Several business partners of French sugar giant Tereos filed a complaint on Tuesday, accusing the company of supplying sorbitol to Syria that was allegedly used by Daesh* terrorists to manufacture weapons, AFP reported, citing the plaintiffs' lawyer.
According to documents from the anti-terror prosecutor’s office, the complaint was filed for “acts of terrorism and complicity in acts of terrorism”, although Tereos has vehemently denied the accusations.
The plaintiffs have claimed that the sugar giant had vowed to halt deliveries to conflict zones after Conflict Armament Research, an EU-mandated UK-based NGO, discovered dozens of the company’s sorbitol-laden bags in a Daesh warehouse after the liberation of Mosul, Iraq in 2016.

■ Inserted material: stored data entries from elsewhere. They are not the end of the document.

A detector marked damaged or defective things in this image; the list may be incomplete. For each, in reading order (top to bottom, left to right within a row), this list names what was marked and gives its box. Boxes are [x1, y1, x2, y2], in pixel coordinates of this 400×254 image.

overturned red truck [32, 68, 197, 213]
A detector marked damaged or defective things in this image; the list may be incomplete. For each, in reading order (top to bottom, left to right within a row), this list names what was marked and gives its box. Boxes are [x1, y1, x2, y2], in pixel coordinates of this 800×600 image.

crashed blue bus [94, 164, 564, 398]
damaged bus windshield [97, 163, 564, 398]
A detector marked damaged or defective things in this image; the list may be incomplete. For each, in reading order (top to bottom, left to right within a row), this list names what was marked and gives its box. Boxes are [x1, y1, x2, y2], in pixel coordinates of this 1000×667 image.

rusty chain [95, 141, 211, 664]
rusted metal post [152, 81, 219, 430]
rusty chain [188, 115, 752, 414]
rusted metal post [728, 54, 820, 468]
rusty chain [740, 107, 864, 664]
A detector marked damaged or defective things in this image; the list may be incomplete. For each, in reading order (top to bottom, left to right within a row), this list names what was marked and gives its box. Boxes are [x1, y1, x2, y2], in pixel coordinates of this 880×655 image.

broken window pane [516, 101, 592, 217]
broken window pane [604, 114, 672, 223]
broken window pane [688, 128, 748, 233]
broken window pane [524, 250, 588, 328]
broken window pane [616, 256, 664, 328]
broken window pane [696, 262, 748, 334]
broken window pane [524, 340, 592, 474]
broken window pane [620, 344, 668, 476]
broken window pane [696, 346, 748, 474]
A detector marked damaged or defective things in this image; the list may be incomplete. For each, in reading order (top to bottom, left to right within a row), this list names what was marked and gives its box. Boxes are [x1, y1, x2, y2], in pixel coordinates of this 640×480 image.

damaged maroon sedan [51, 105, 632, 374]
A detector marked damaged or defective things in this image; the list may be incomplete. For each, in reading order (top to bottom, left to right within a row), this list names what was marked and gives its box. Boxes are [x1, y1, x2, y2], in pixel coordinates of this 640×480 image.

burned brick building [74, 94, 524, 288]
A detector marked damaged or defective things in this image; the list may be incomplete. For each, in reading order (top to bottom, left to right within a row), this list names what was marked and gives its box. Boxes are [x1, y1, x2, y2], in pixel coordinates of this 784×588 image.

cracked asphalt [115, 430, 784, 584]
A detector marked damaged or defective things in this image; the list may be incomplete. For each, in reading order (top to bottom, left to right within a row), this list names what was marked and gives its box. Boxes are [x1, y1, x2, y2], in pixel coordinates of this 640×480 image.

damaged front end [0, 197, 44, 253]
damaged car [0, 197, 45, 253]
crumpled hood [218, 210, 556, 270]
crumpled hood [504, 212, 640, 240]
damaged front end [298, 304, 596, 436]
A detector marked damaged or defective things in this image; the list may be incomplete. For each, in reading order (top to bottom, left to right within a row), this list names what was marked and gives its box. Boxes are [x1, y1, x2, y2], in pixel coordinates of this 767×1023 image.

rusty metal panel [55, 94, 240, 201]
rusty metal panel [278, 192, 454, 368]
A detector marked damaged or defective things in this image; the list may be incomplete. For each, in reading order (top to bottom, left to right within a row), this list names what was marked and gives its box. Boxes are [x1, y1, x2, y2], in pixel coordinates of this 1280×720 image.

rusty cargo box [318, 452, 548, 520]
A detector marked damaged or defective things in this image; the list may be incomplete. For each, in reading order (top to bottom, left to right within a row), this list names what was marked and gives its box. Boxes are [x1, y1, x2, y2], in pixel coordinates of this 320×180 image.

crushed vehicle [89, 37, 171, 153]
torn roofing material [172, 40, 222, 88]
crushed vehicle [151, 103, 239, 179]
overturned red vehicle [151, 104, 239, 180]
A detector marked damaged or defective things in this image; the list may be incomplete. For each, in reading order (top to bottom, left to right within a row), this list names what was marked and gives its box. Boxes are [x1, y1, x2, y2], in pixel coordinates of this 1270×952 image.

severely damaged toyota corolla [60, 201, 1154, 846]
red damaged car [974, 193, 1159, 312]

According to AFP, after the NGO confronted Tereos over its findings, the company acknowledged that some 45 tonnes of French-produced sorbitol had disappeared in Turkey in May 2015 and resurfaced a year later in Daesh basements in Syria.
After the information was made public in December 2017, Tereos officially assured the public that it had "suspended its sorbitol supplies to so-called high-risk areas” shortly after the Mosul discovery.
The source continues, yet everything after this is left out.